Blogging vs micro-blogging 09:12 on Thursday
Ville Vesterinen writes about why a lot of people, him included, seem to be migrating from blogging to “micro-blogging” — using Jaiku, Twitter, etc. I’m using quotes there intentionally, for I tend to agree with Steven Hodson’s take on Mashable:
It amazes me how anyone in all seriousness can even consider the inane twaddle that permeates the Internet from services like Twitter as even coming close to blogging or micro-blogging.

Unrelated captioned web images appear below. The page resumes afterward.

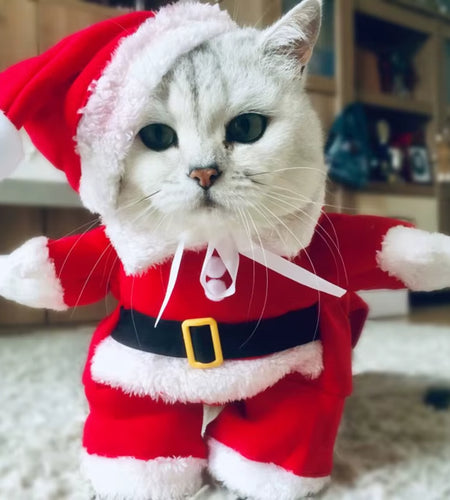 Winter Christmas Pet Cat Costumes Funny Santa Claus Clothes for Small Cats Dogs Xmas New Year Cat Clothing Kitty Kitten Outfits
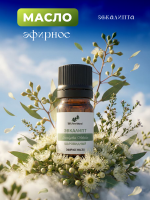 Эвкалипт шаровидный эфирное масло (Eucalyptus Globulus) 100% pure natural, 10 мл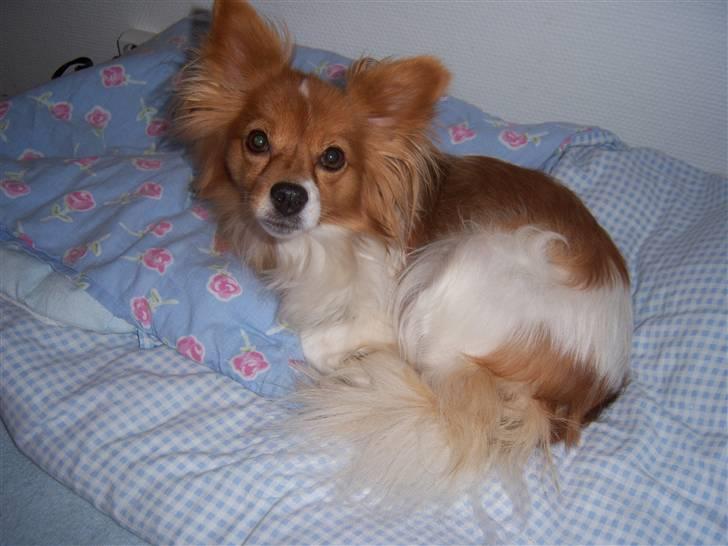 Papillon Lunden´s Cirkeline - Cirkeline ligger i min seng billede 6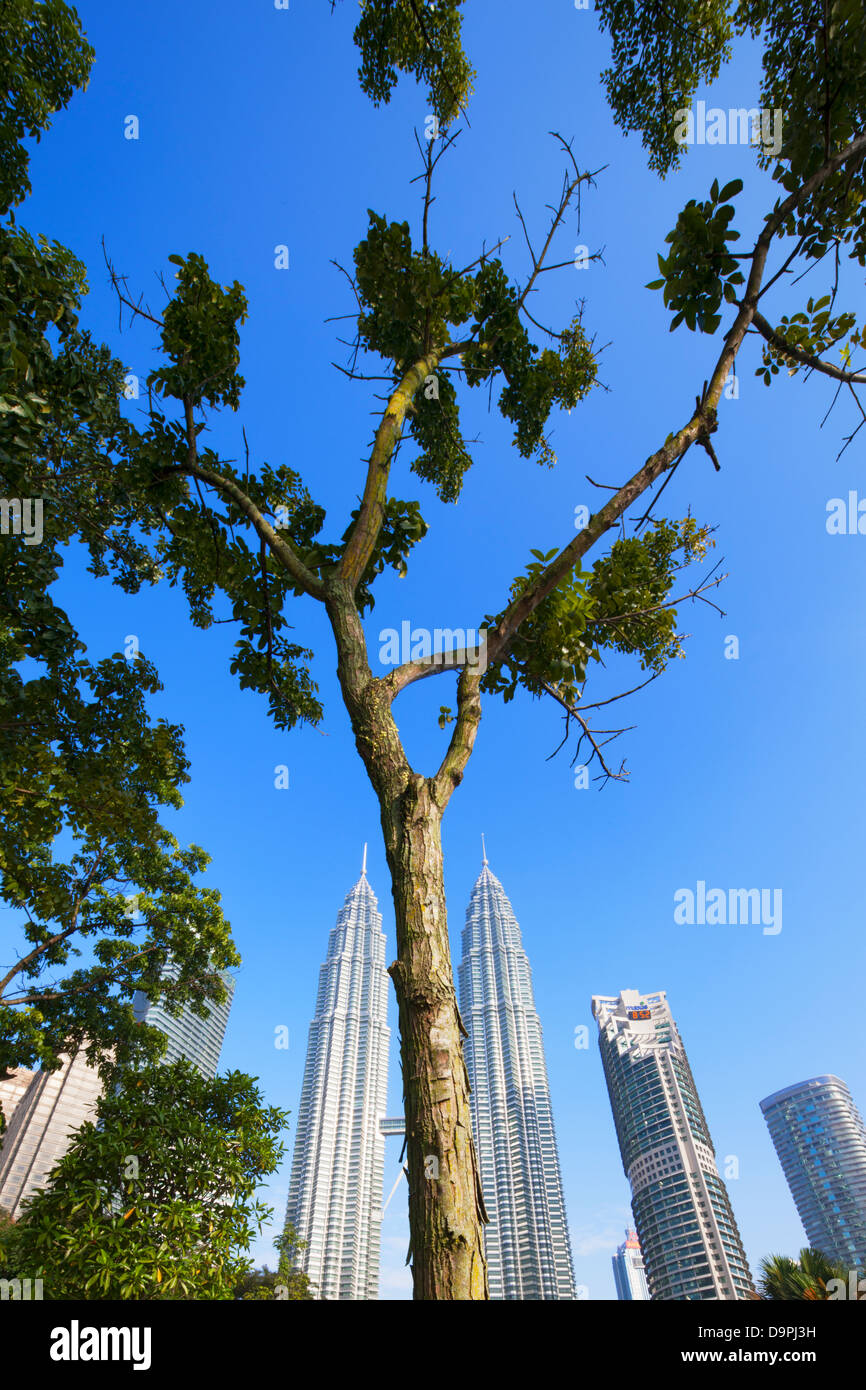 Arbre dans le parc KLCC et des Tours Jumelles Petronas, Kuala Lumpur, Malaisie Banque D'Images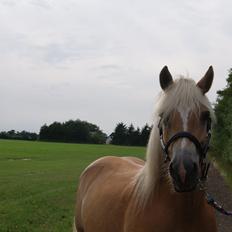 Tyroler Haflinger Valua <3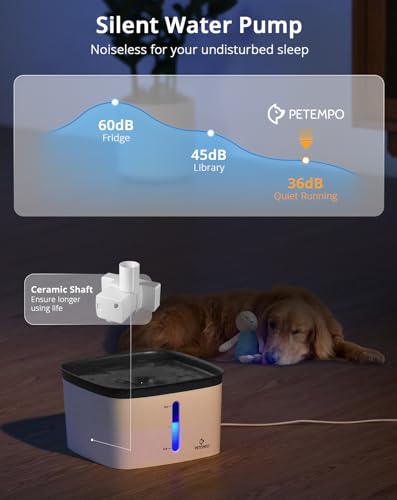 Cat Water Fountain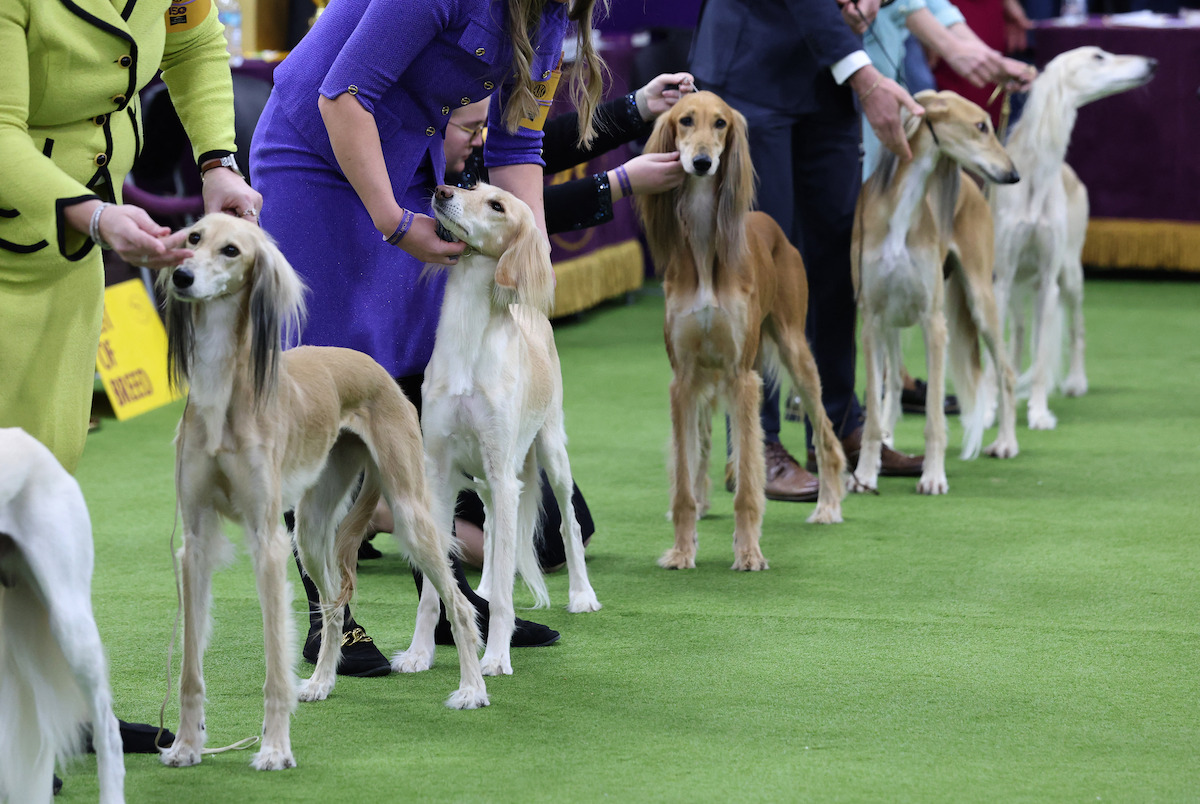 Salukis stand in the judging area during day one of the 150th Westminster Kennel Club Dog Show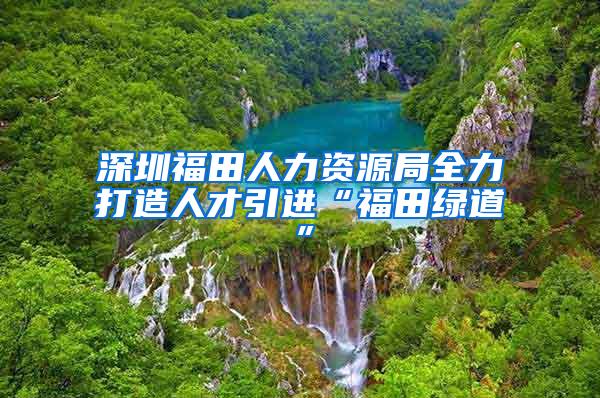 深圳福田人力资源局全力打造人才引进“福田绿道”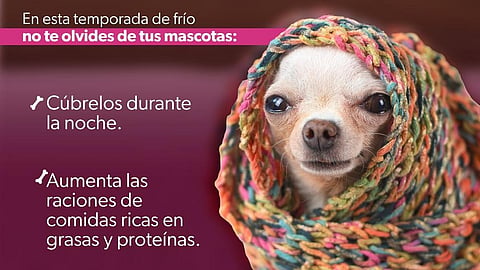 Emite Protección Civil recomendaciones para proteger a mascotas del frío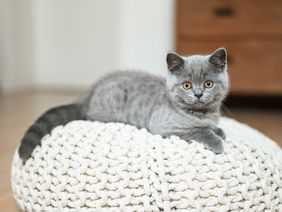 Eine graue Katze liegt auf einem weißen Kissen und schaut in die Kamera. 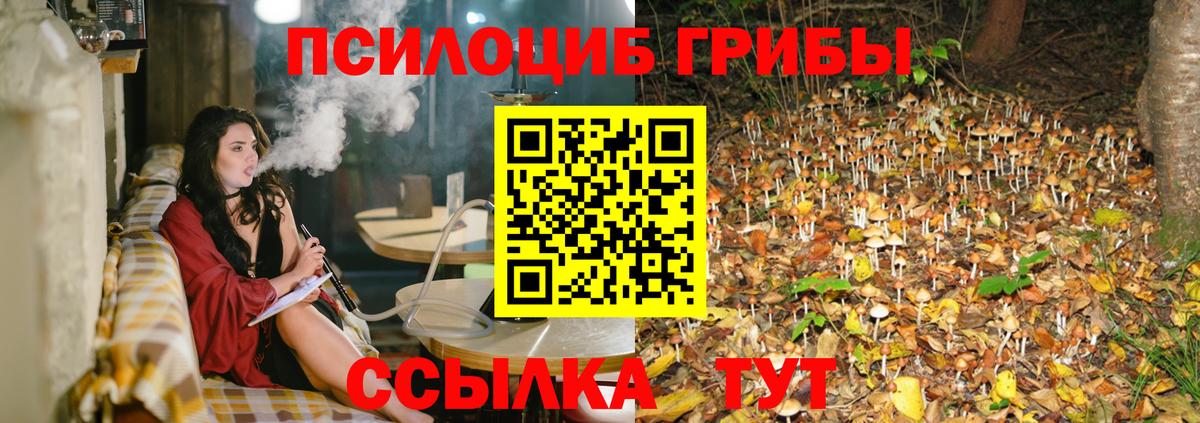 Северодвинск  Галлюциногенные грибы GOLDEN TEACHER  Вход с VPN  Псилоцибиновые грибы Psilocybe 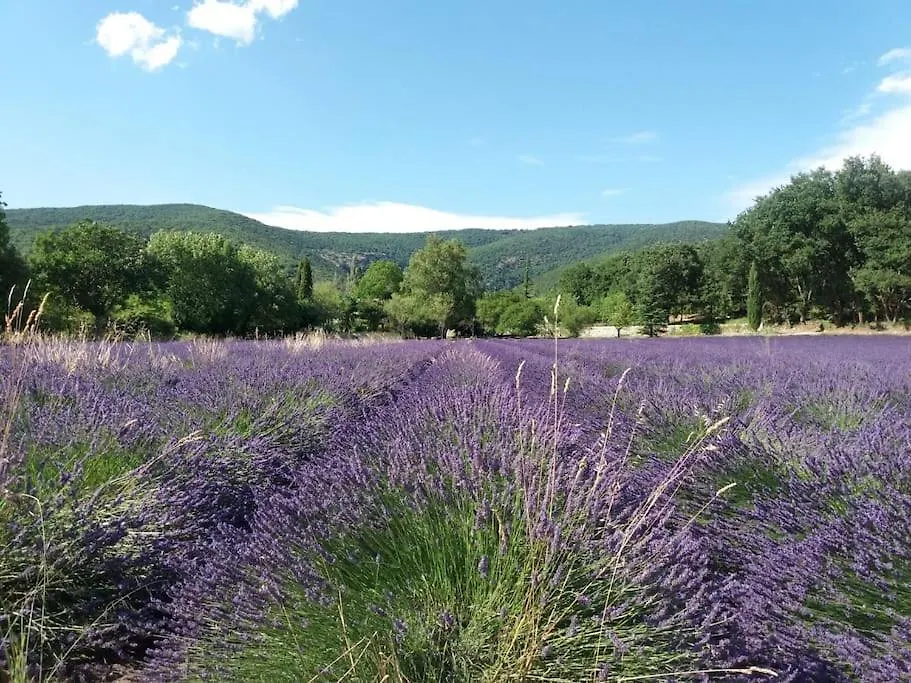Vakantiehuis “Le Verbe” In De Drome Provencale Le Poet-Laval Holiday home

Ville writes on an opposing and more enthusiastic tone. I guess the points he makes are good, how else would these micro-services be so popular. But his points are also a complete reversal of my opinions on blogging and “micro-blogging”:
- He likes the lower threshold for
letting the world know what’s up. I would prefer people to think more about what they’re saying. Why do we want to fill the world with inane twaddle?
- Micro-blogging satisfies his urge to express himself with minimal effort. But what about the effort of the receiver? Why do we want to spend our friends’ time on inane twaddle? If you send me a message, you’re spending my time in addition to yours. If you waste my limited time with nonsense, are you respecting my time? Are you respecting me?
- Ville likes that
these conversations can occur in close to real-time. I hate that. I have better things to do than follow twaddle in real-time! The stream of postings is a sure way to kill my flow. And for a creative person (which we all are) there’s nothing more valuable than flow.
It is interesting how differently these services and their usefulness can be seen, and I am sure there will continue to be an audience for both thoughtful blogging and the bite-sized stream of consciousness that is “micro-blogging”.